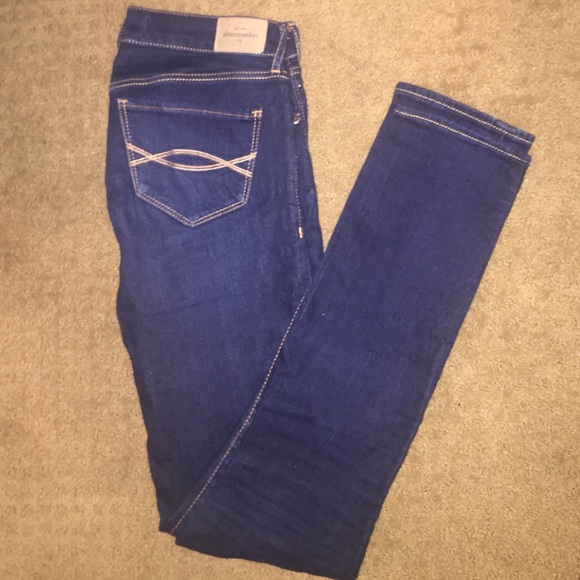 Woman's Abercrombie skinny jeans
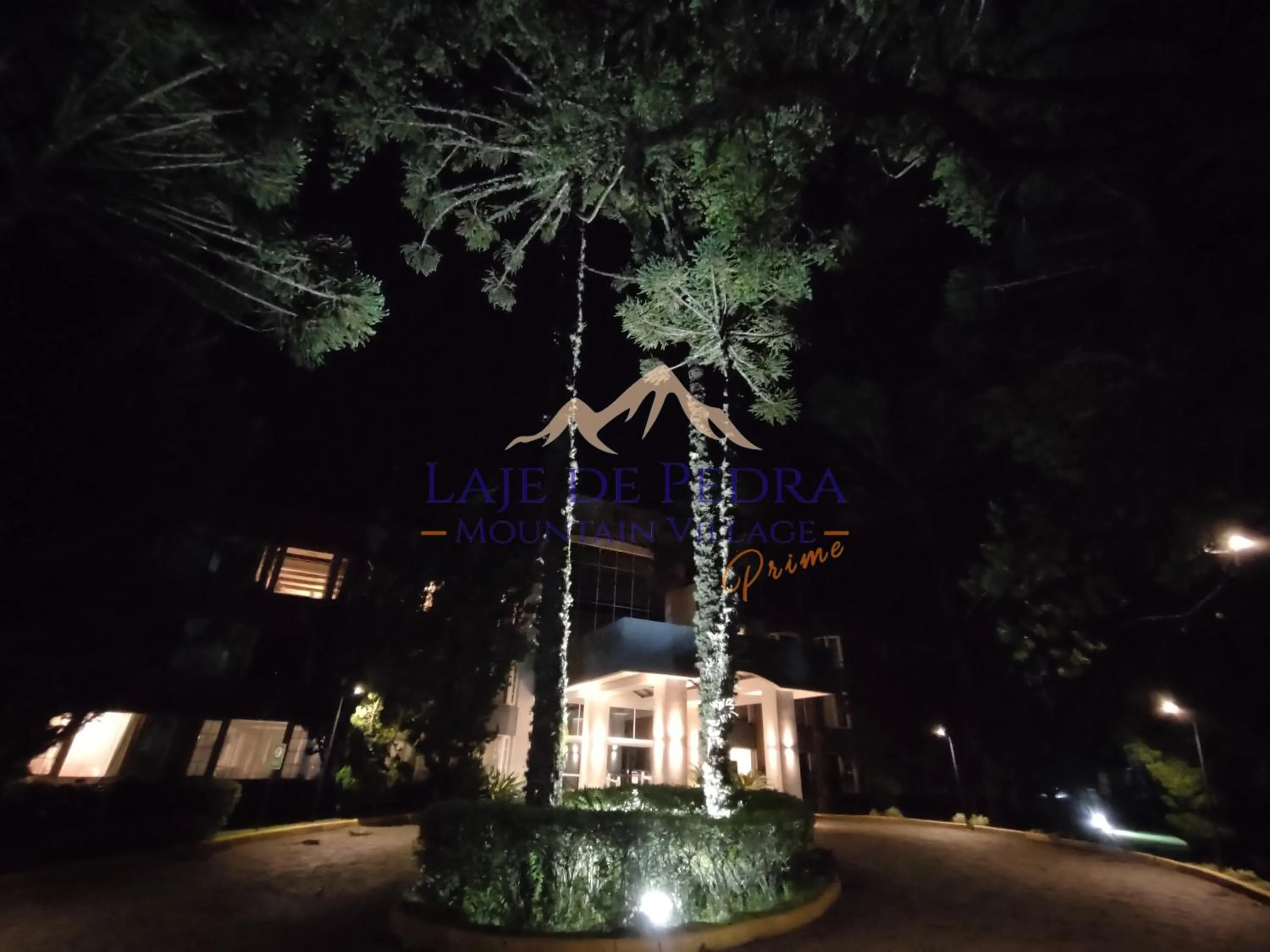 Facade/entrance in Laje de Pedra Mountain VillagePrime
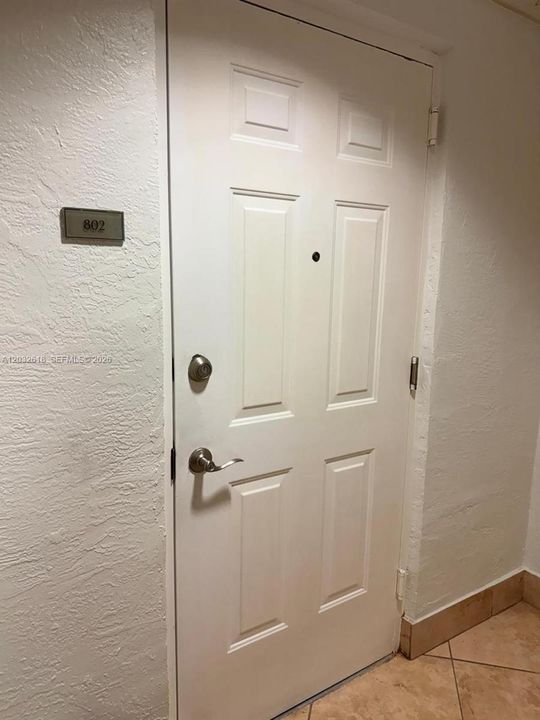 For Sale: $550,000 (2 beds, 2 baths, 932 Square Feet)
- - - - -
▶ EXERCISE REQUIREMENTS
Skip the pictures. Please copy exactly the lines from the one with "Facade/entrance in Laje" through the final line of the material above, both ends included.

▶ RESULT BELOW
 Facade/entrance in Laje de Pedra Mountain VillagePrime
 For Sale: $550,000 (2 beds, 2 baths, 932 Square Feet)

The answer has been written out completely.